*** Begin section ***

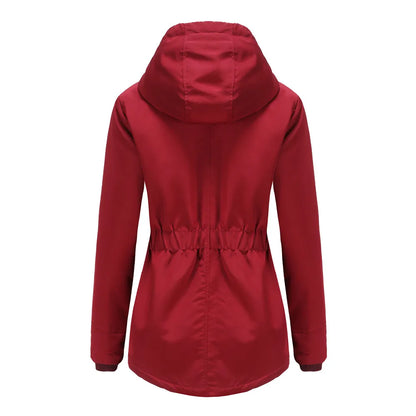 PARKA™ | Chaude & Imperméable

*** End section ***
*** Begin section ***

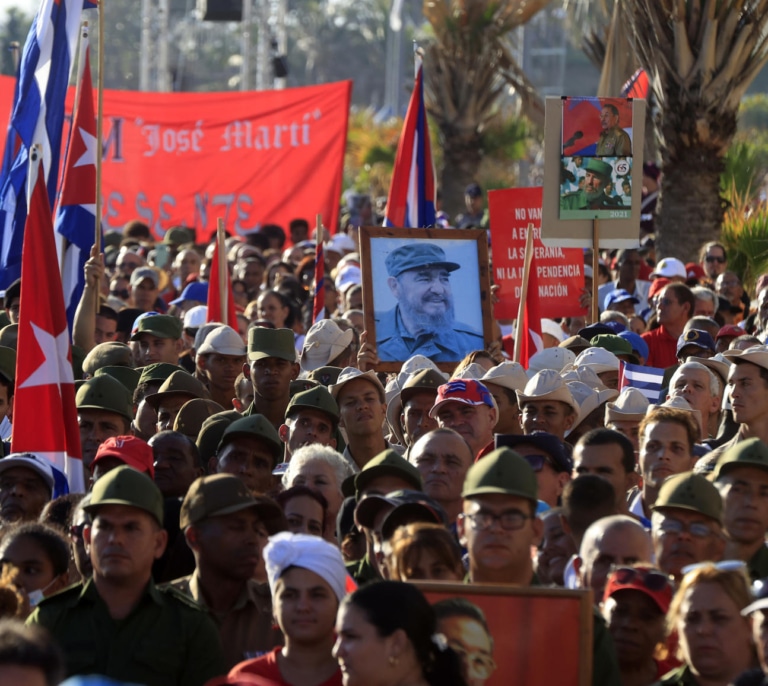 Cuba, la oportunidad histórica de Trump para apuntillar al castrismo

*** End section ***
*** Begin section ***

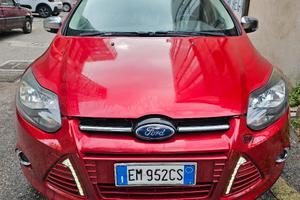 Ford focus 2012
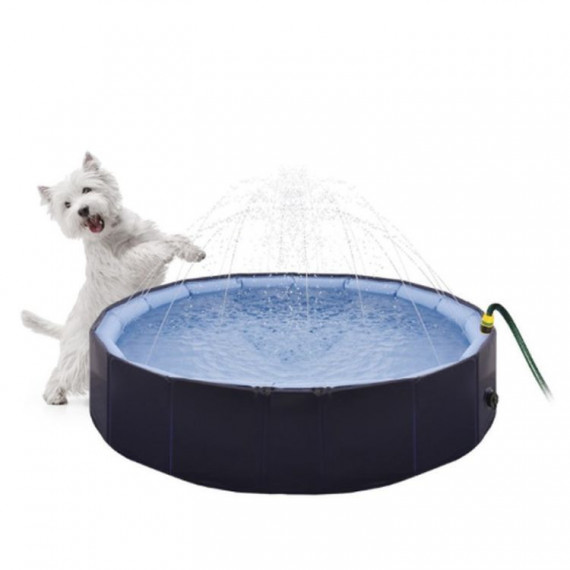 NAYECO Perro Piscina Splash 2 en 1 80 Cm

*** End section ***

▶ [Task description] Return, exactly as they stand, the lines above from the one with "Ford focus 2012" to the one with "NAYECO Perro Piscina Splash 2 en 1 80 Cm", omitting any pictures among them.

▶ [Expected answer]
 Ford focus 2012
 NAYECO Perro Piscina Splash 2 en 1 80 Cm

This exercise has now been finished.